* [SUPPLIED ENTRIES]
++++++

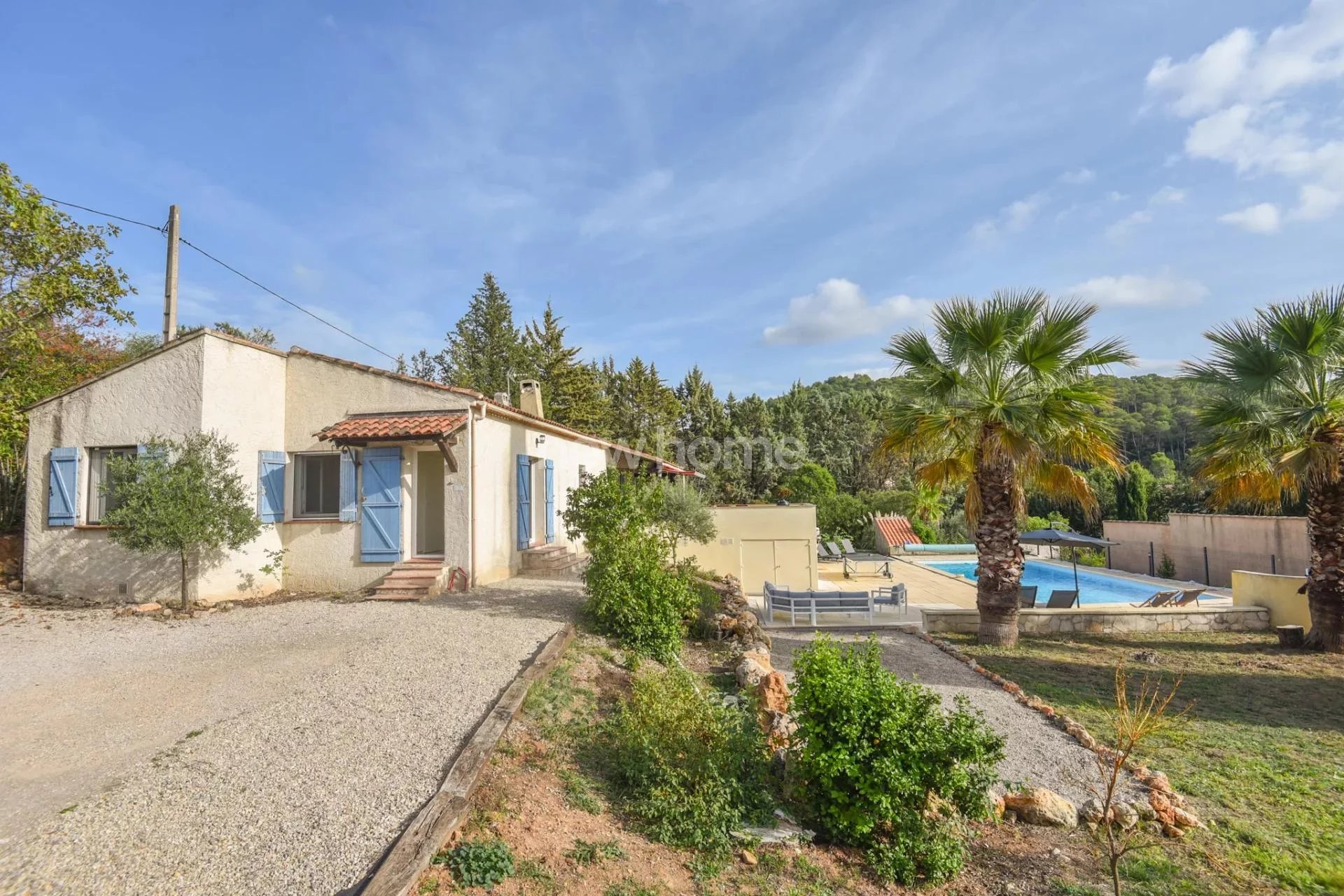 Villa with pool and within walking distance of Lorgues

++++++

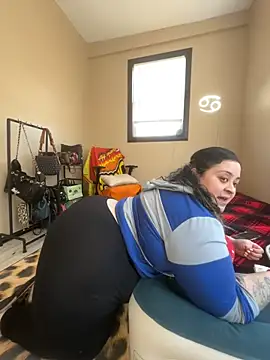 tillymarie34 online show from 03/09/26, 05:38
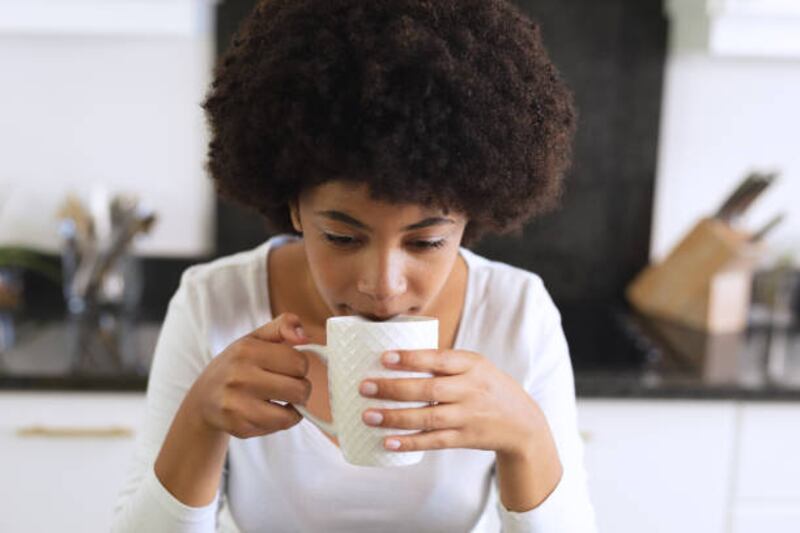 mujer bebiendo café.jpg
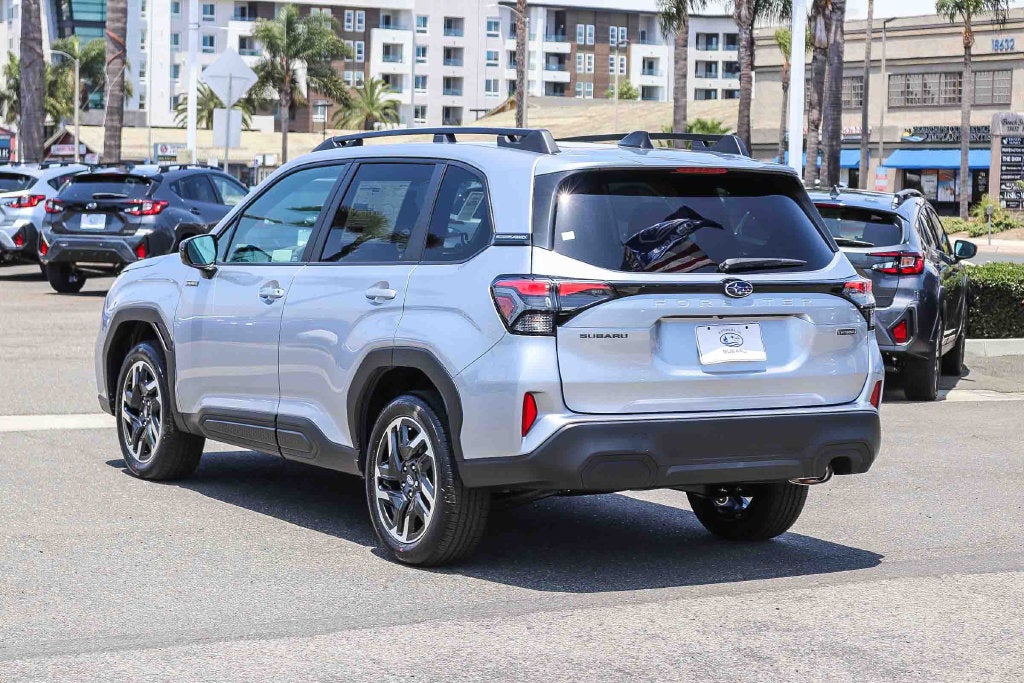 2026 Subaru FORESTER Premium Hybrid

++++++

* [REQUIRED ACTION]
Drop the pictures; return the lines above from the line containing "mujer bebiendo café.jpg" to the line containing "2026 Subaru FORESTER Premium Hybrid", both included, exactly.

* [RESPONSE BOX]
 mujer bebiendo café.jpg
 2026 Subaru FORESTER Premium Hybrid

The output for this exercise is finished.